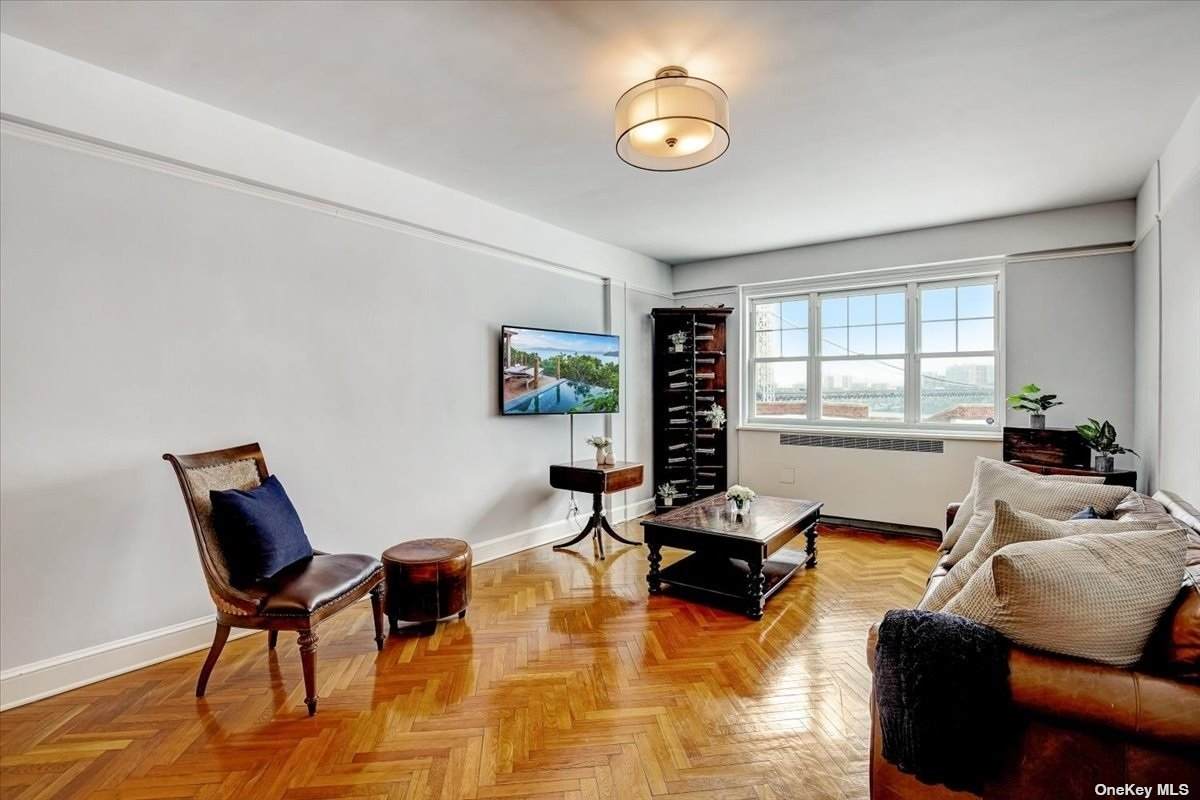 200 Cabrini Boulevard - Photo 1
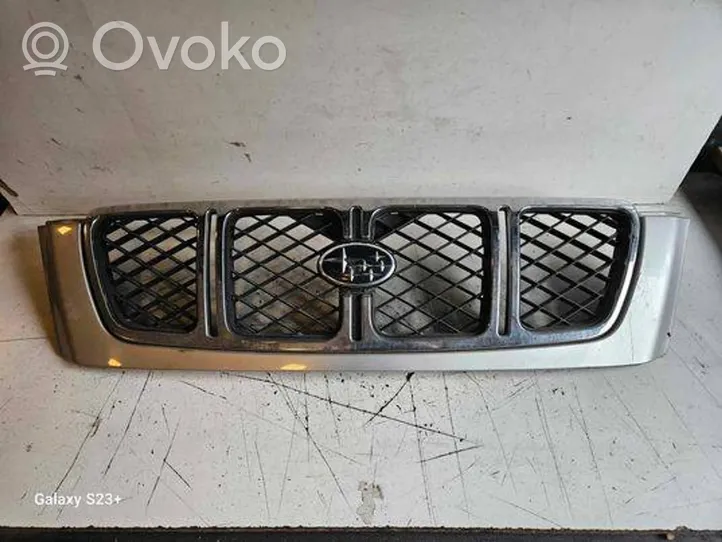 Subaru Forester SF Front bumper upper radiator grill 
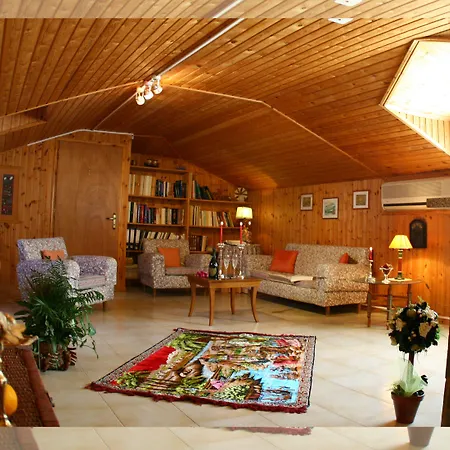 Ionis Art Hotel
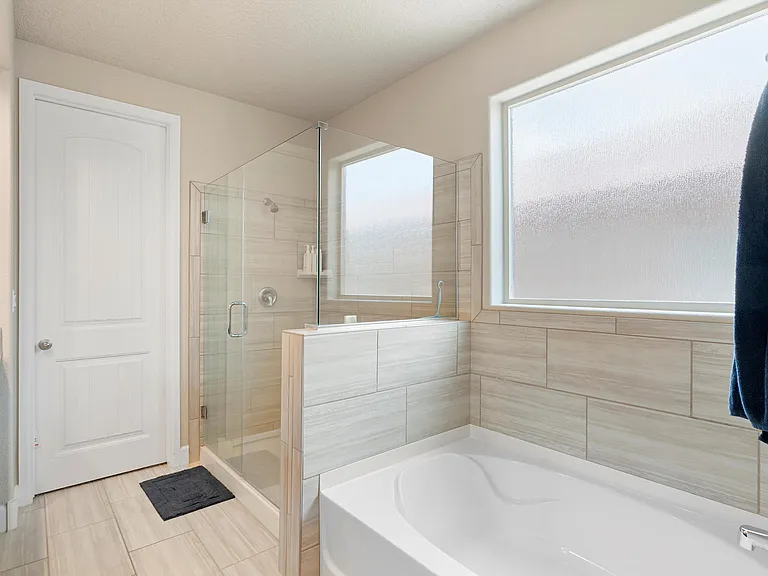 4453 Skyline Loop NE — Photo 7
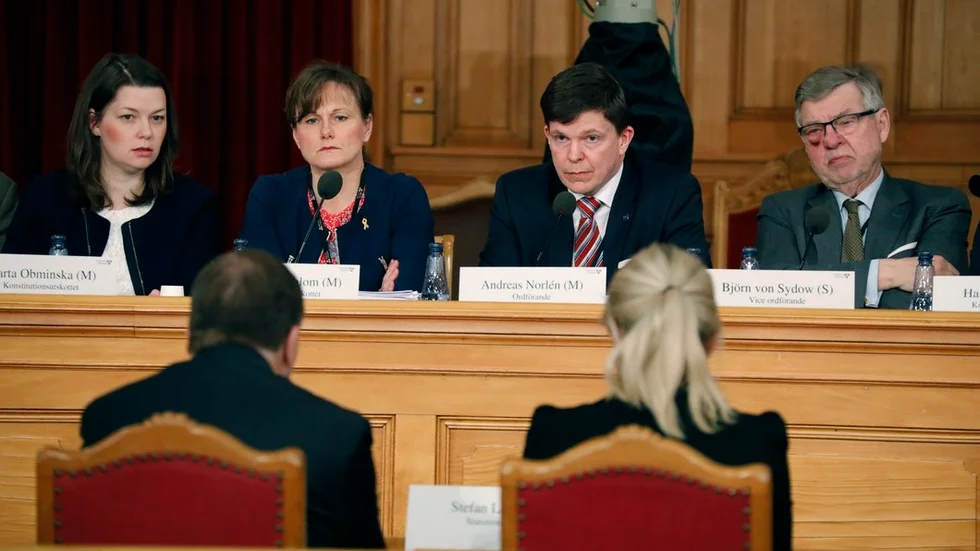Konstitutionsutskottet var förvånansvärt enigt i sin kritik mot nuvarande regering - och i vissa fall även föregående. Den hårda kritiken blir till ännu en minuspost för regeringen, en räkning som får betalas på valdagen.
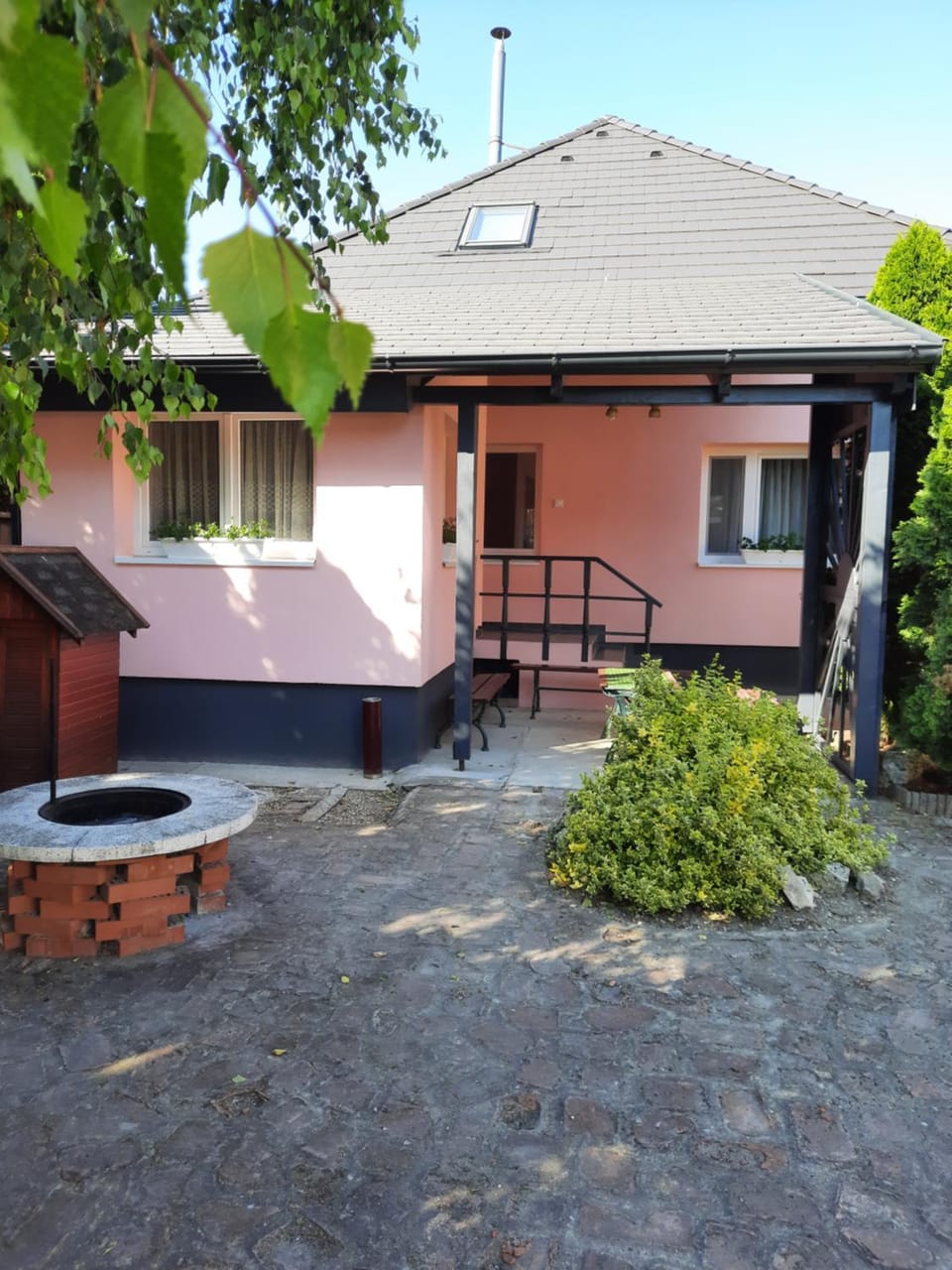 Pink Apartman Apartment in Hungary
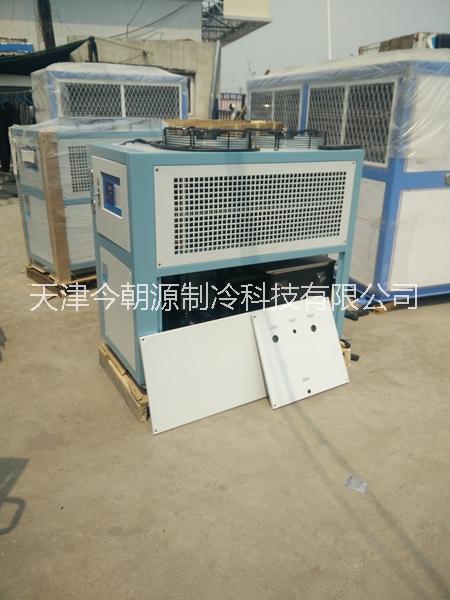 小型冷水機(jī)_天津冷凍機(jī)_批發(fā)_5HP工業(yè)冷水機(jī)_風(fēng)冷冷凍機(jī)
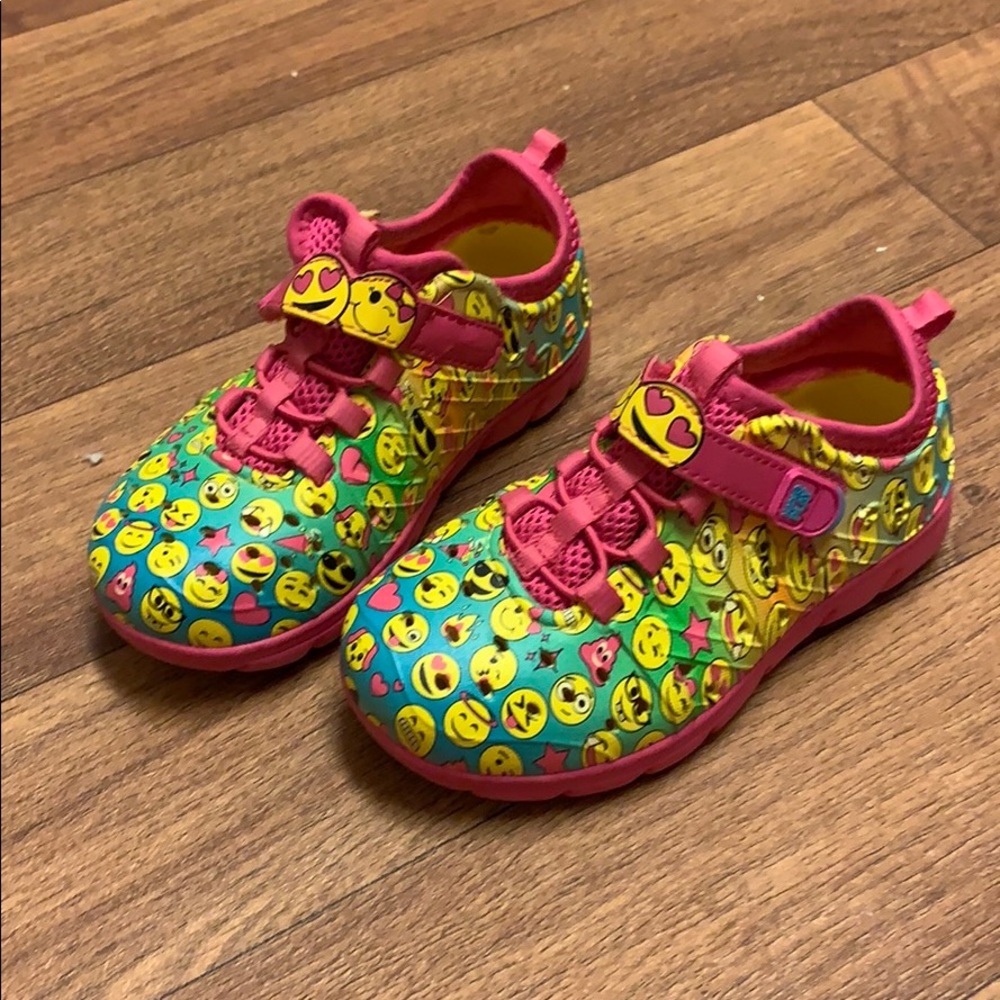 Stride rite made2play phibian sneaker sandal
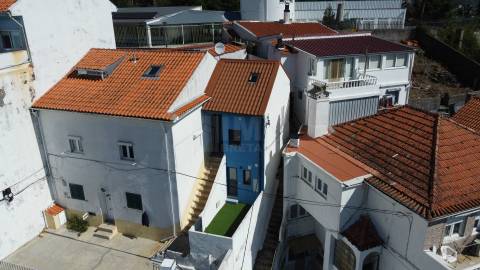 Moradia T1 Duplex Renovada c/ Quintal / Jardim / Piscina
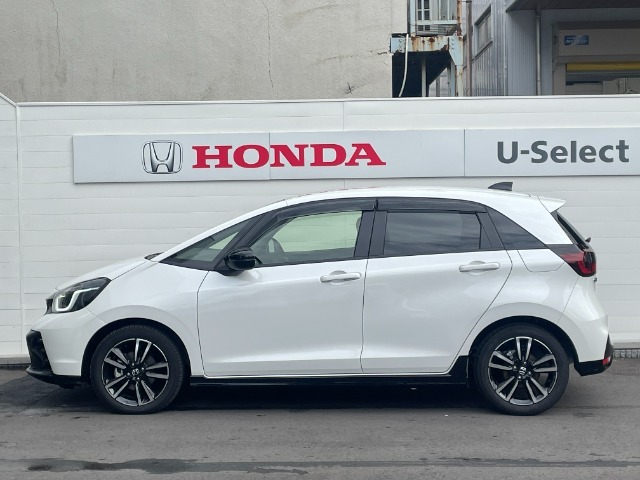 リアガラスはプライバシーガラスになっています。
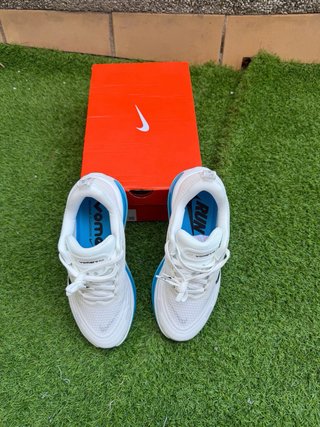 Nike Vomero Plus Running Talla 42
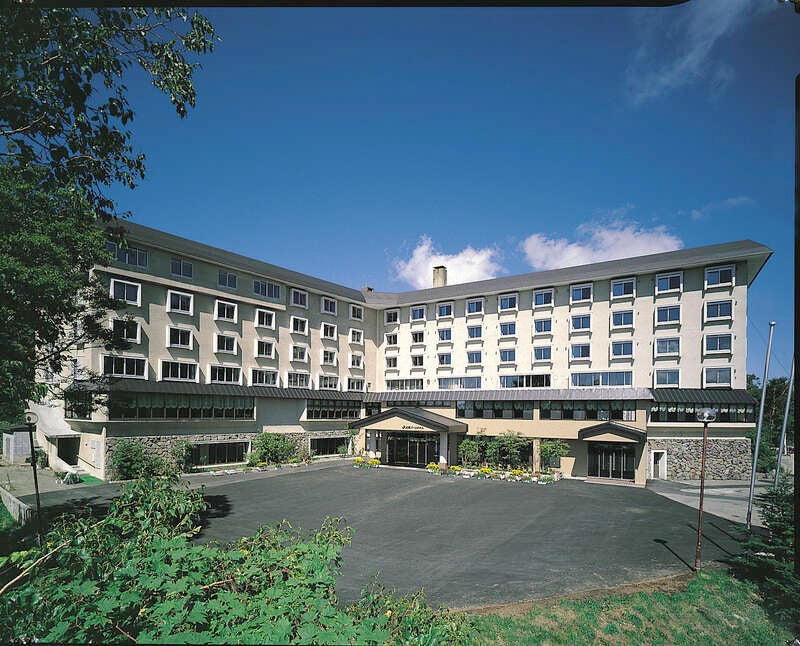 【埼玉県内発】 ～標高1670m！国立公園に位置する雲上ホテルに泊まる！～　１泊３食付！高原温泉ミステリーツアー２日間3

WHAT TO WORK ON.
Would you output all of the entries above exactly, keeping the pictures out?

SOLUTION FOR THIS PROBLEM.
 200 Cabrini Boulevard - Photo 1
 Subaru Forester SF Front bumper upper radiator grill 
 Ionis Art Hotel
 4453 Skyline Loop NE — Photo 7
Konstitutionsutskottet var förvånansvärt enigt i sin kritik mot nuvarande regering - och i vissa fall även föregående. Den hårda kritiken blir till ännu en minuspost för regeringen, en räkning som får betalas på valdagen.
 Pink Apartman Apartment in Hungary
 小型冷水機(jī)_天津冷凍機(jī)_批發(fā)_5HP工業(yè)冷水機(jī)_風(fēng)冷冷凍機(jī)
 Stride rite made2play phibian sneaker sandal
 Moradia T1 Duplex Renovada c/ Quintal / Jardim / Piscina
 リアガラスはプライバシーガラスになっています。
 Nike Vomero Plus Running Talla 42
 【埼玉県内発】 ～標高1670m！国立公園に位置する雲上ホテルに泊まる！～　１泊３食付！高原温泉ミステリーツアー２日間3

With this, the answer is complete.